Exercise objective: Everything from the line containing "Mar 3, 2023;" through the last line of the listing below should be returned exactly, except for pictures.

═══ Data records

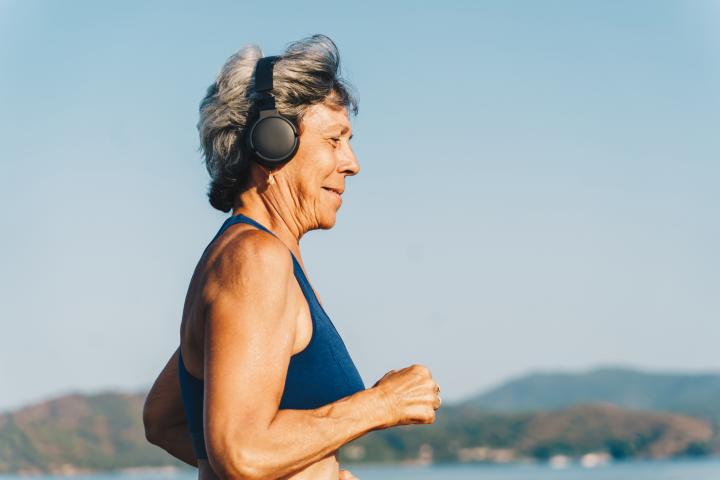 Mujer mayor con auriculares corriendo por el terraplén, día soleado de verano.
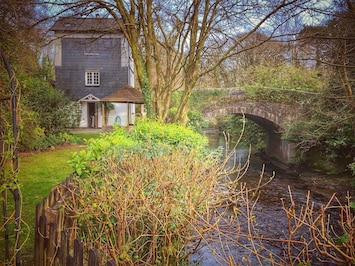 View of the cottage and bridge from the back garden.
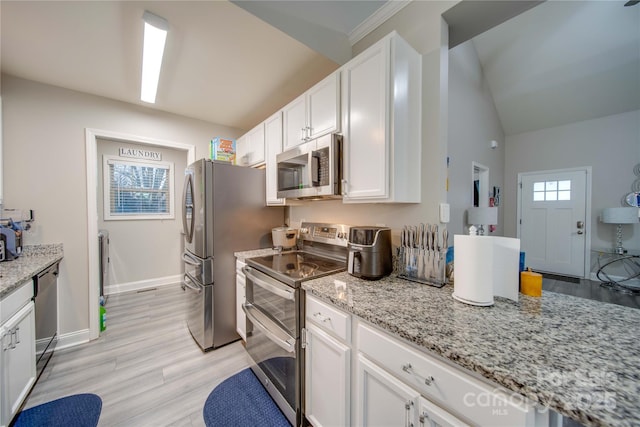 kitchen with appliances with stainless steel finishes, white cabinets, and light stone counters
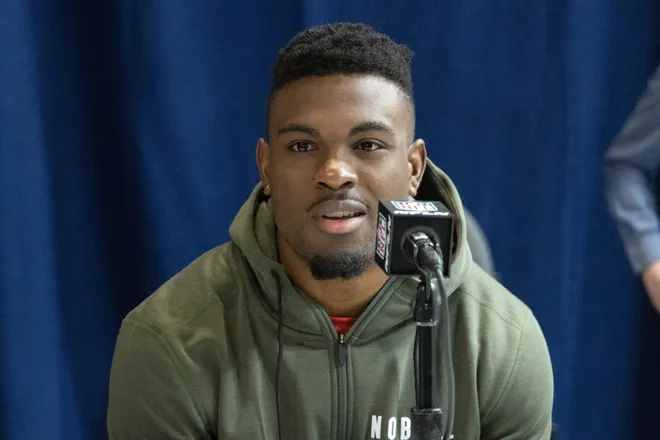 Mar 3, 2023; Indianapolis, IN, USA; Mississippi wide receiver Jonathan Mingo (WO35) speaks to the press at the NFL Combine at Lucas Oil Stadium. Mandatory Credit: Trevor Ruszkowski-USA TODAY Sports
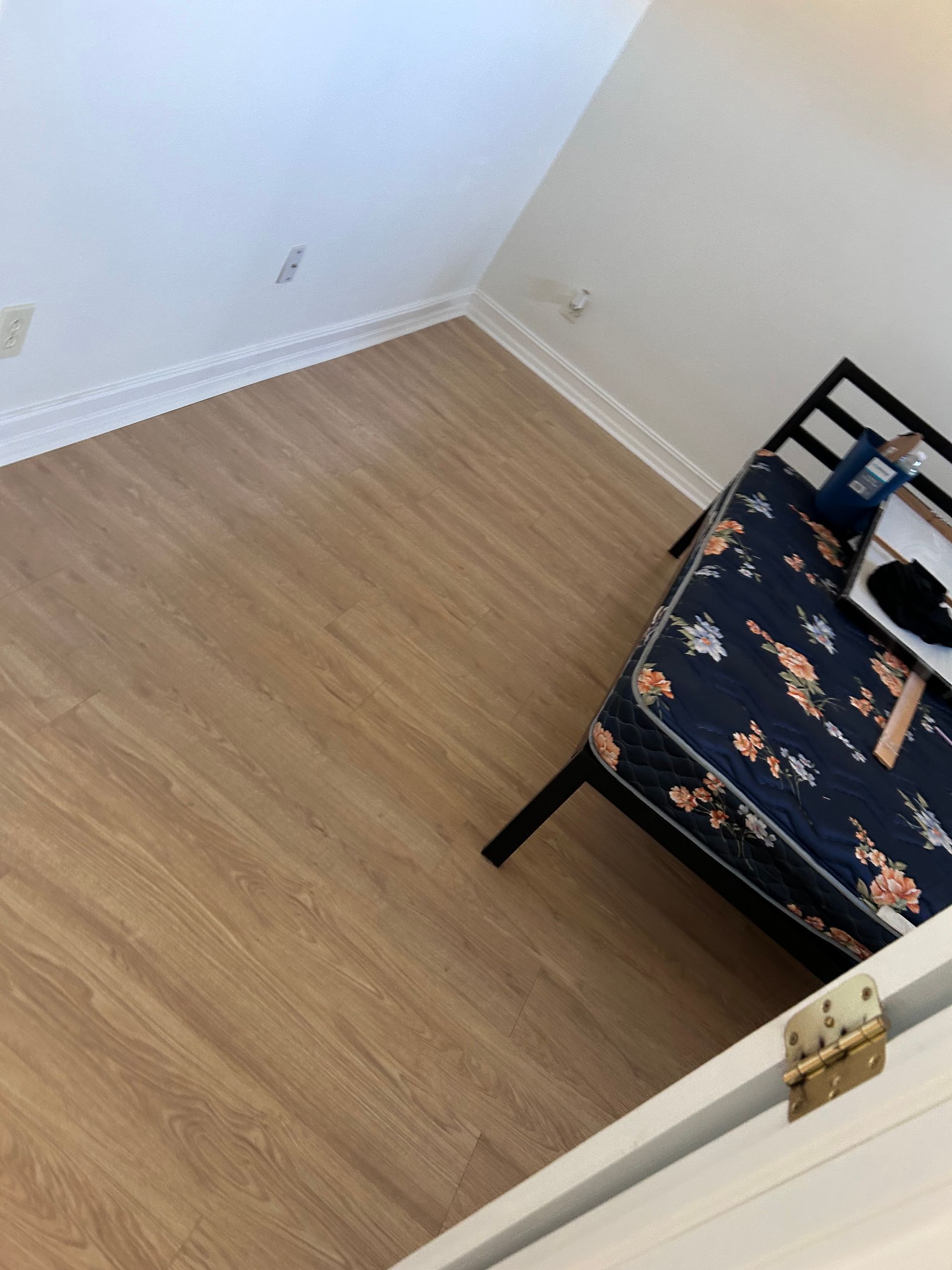 Bedroom with wood-look flooring and a metal-framed bed with floral bedding. White walls and trim.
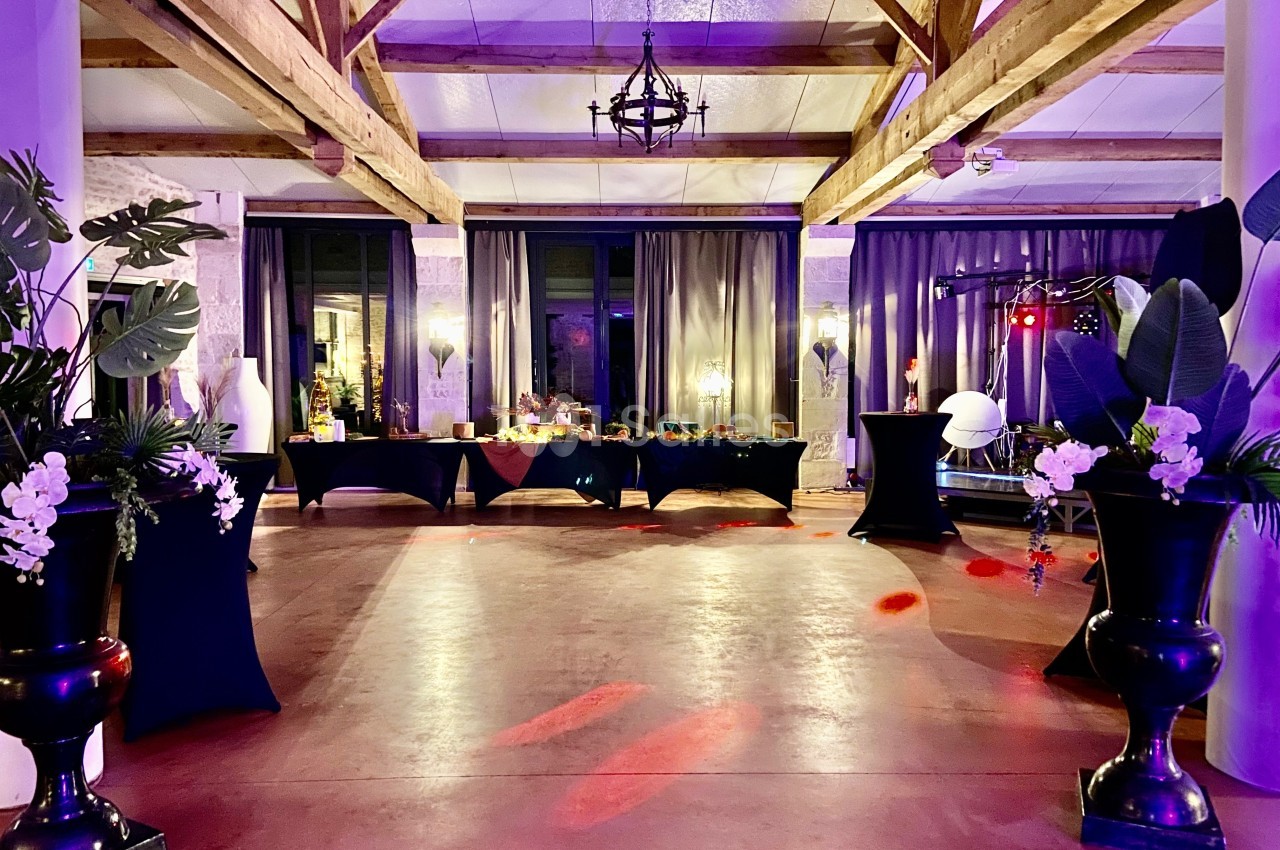 Salle de réception décorée avec des plantes, des tables drapées de noir et un éclairage tamisé coloré.
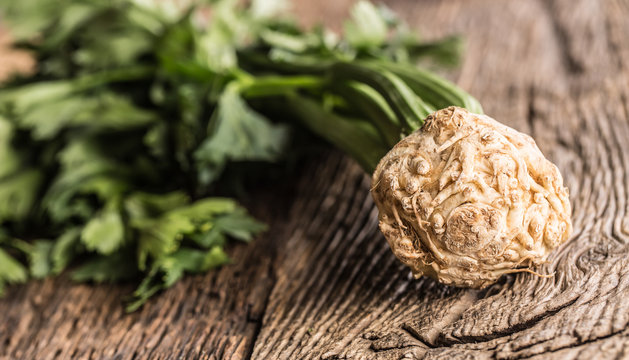 Fresh celery root with leaf on rustic oak table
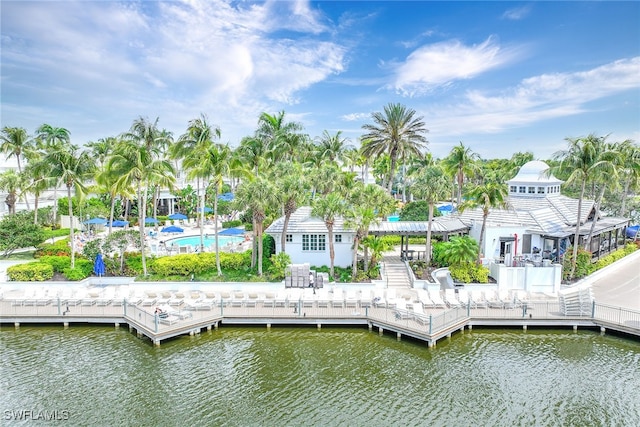 dock area featuring a water view and a patio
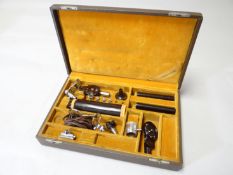 A cased physicians bakelite diagnostic set by National Electric Instruments, USA together with
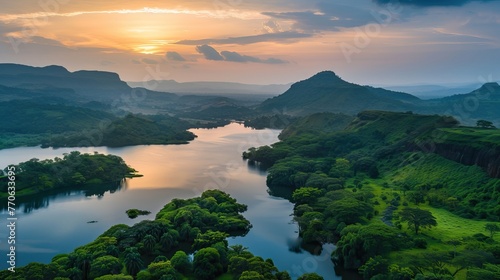 Aerial view of a misty tropical rainforest with lush greenery surrounding a winding river.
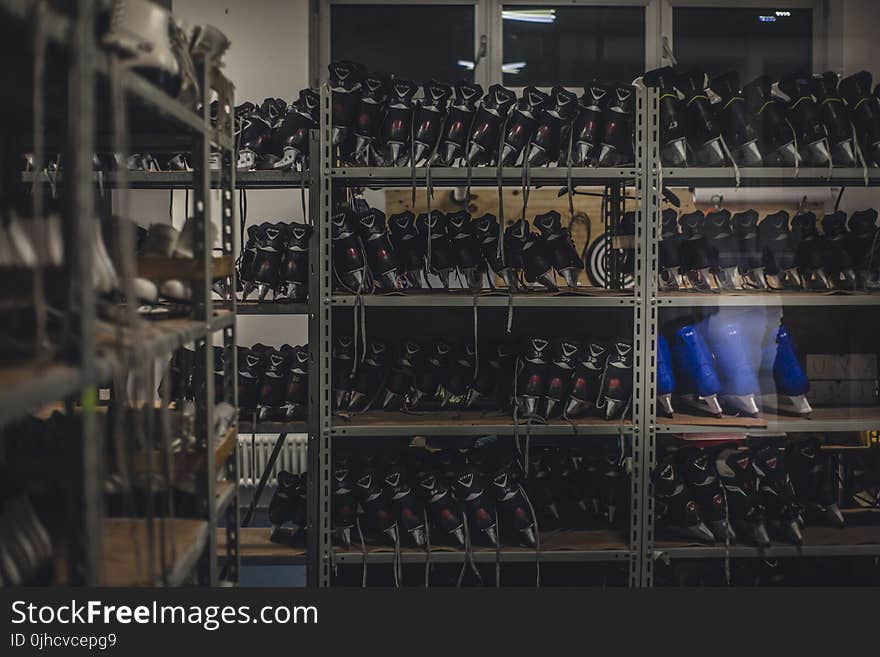 Black and Blue Ice Skates on Gray Metal Shelf Inside White Room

══════

Answer:
 Mar 3, 2023; Indianapolis, IN, USA; Mississippi wide receiver Jonathan Mingo (WO35) speaks to the press at the NFL Combine at Lucas Oil Stadium. Mandatory Credit: Trevor Ruszkowski-USA TODAY Sports
 Bedroom with wood-look flooring and a metal-framed bed with floral bedding. White walls and trim.
 Salle de réception décorée avec des plantes, des tables drapées de noir et un éclairage tamisé coloré.
 Fresh celery root with leaf on rustic oak table
 dock area featuring a water view and a patio
 A cased physicians bakelite diagnostic set by National Electric Instruments, USA together with
 Aerial view of a misty tropical rainforest with lush greenery surrounding a winding river.
 Black and Blue Ice Skates on Gray Metal Shelf Inside White Room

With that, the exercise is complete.